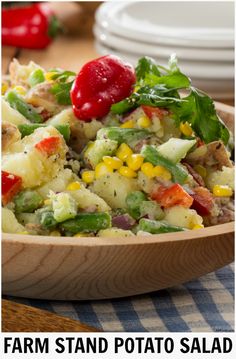 a wooden bowl filled with potato salad on top of a table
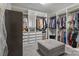 Organized walk-in closet with custom shelving, drawers, and ample hanging space at 1770 Cranwell Dr, Mt Ulla, NC 28125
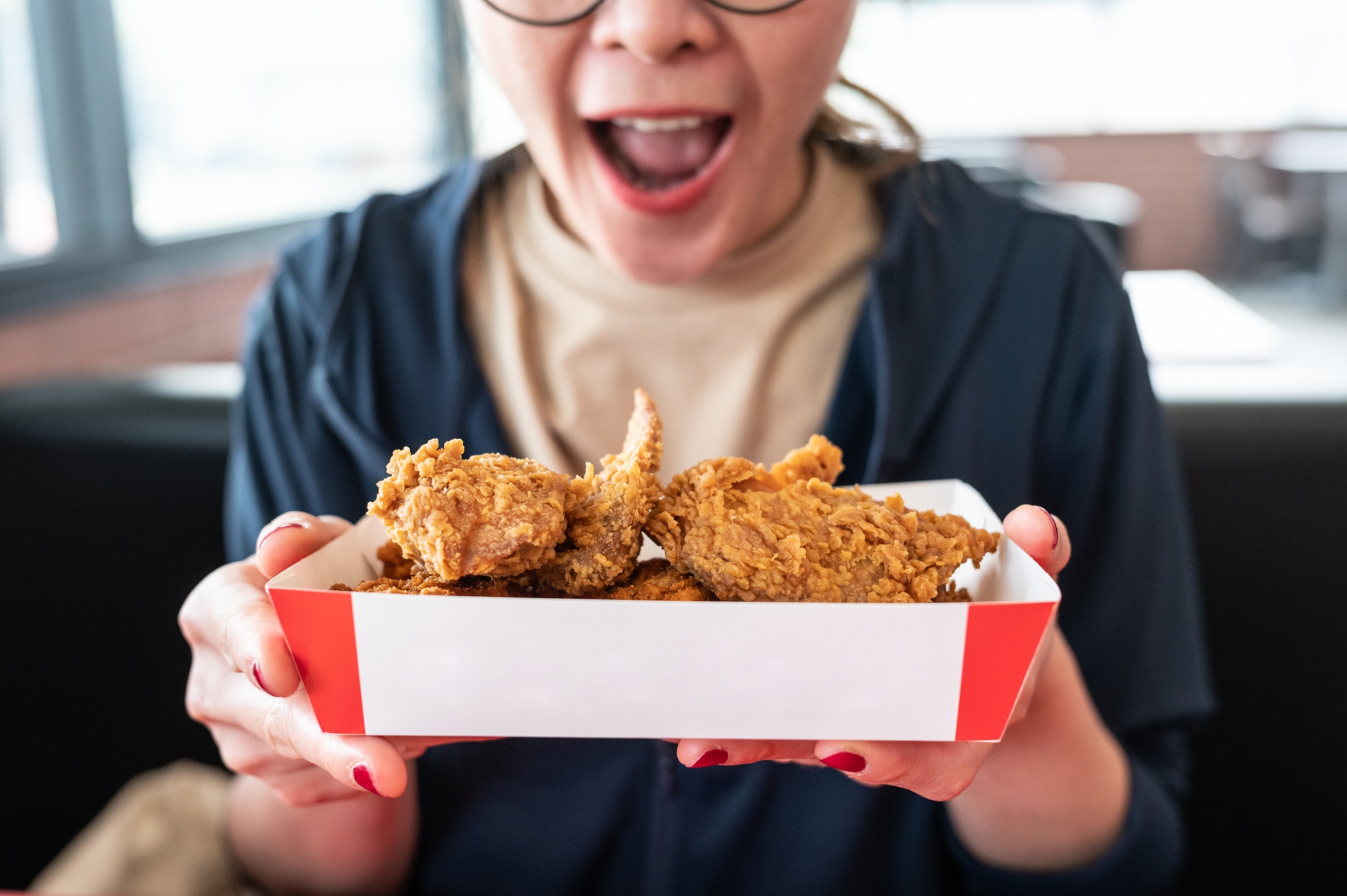 Person excitedly holding a box of fried chicken, about to eat, inside a casual dining setting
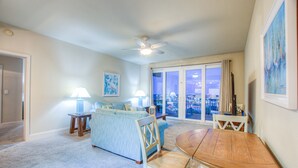 A spacious living room with a large window, a ceiling fan, and a dining area with a wooden table and chairs.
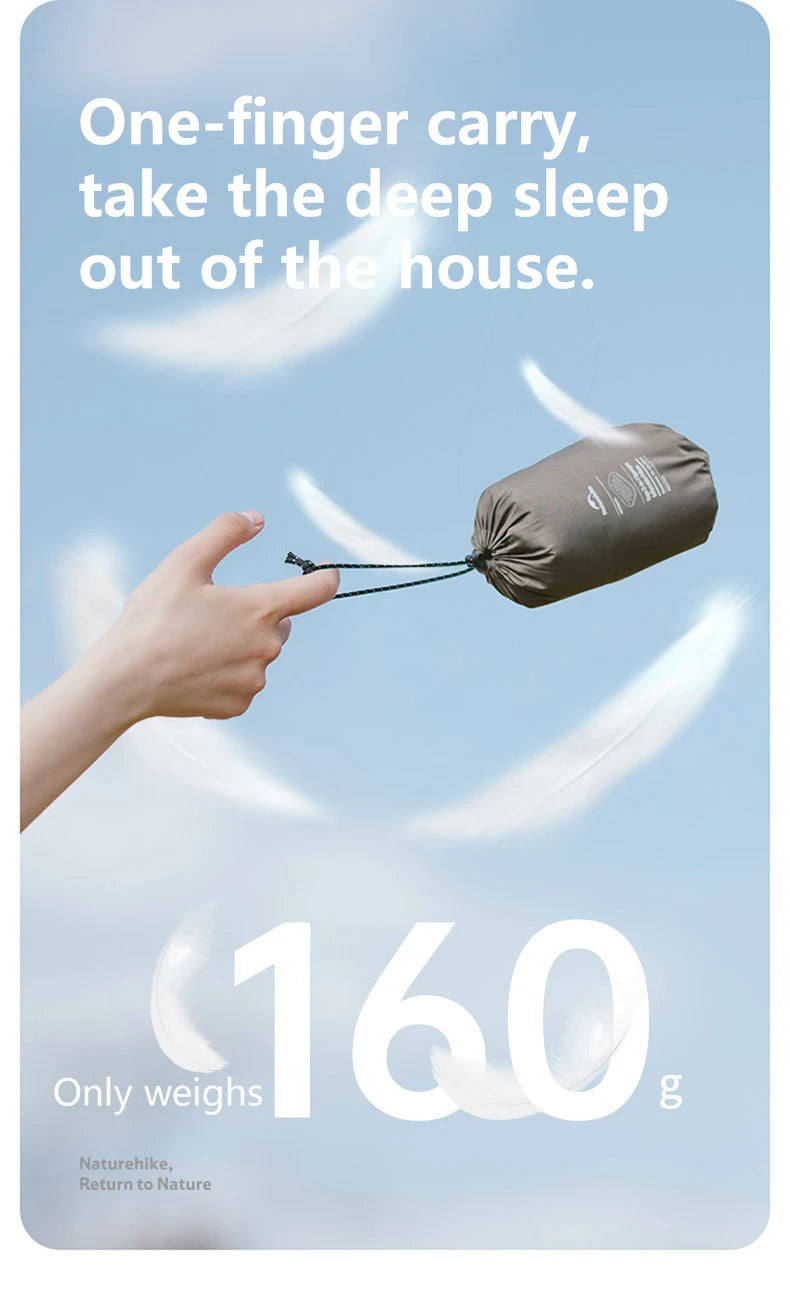 A hand holds a small, dark gray inflatable pillow against a light blue sky.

GOAL OF THE EXERCISE: Print out the whole listing word for word. Leave the pictures out.

EXPECTED ANSWER:
 a wooden bowl filled with potato salad on top of a table
 Organized walk-in closet with custom shelving, drawers, and ample hanging space at 1770 Cranwell Dr, Mt Ulla, NC 28125
 Person excitedly holding a box of fried chicken, about to eat, inside a casual dining setting
 A spacious living room with a large window, a ceiling fan, and a dining area with a wooden table and chairs.
 A hand holds a small, dark gray inflatable pillow against a light blue sky.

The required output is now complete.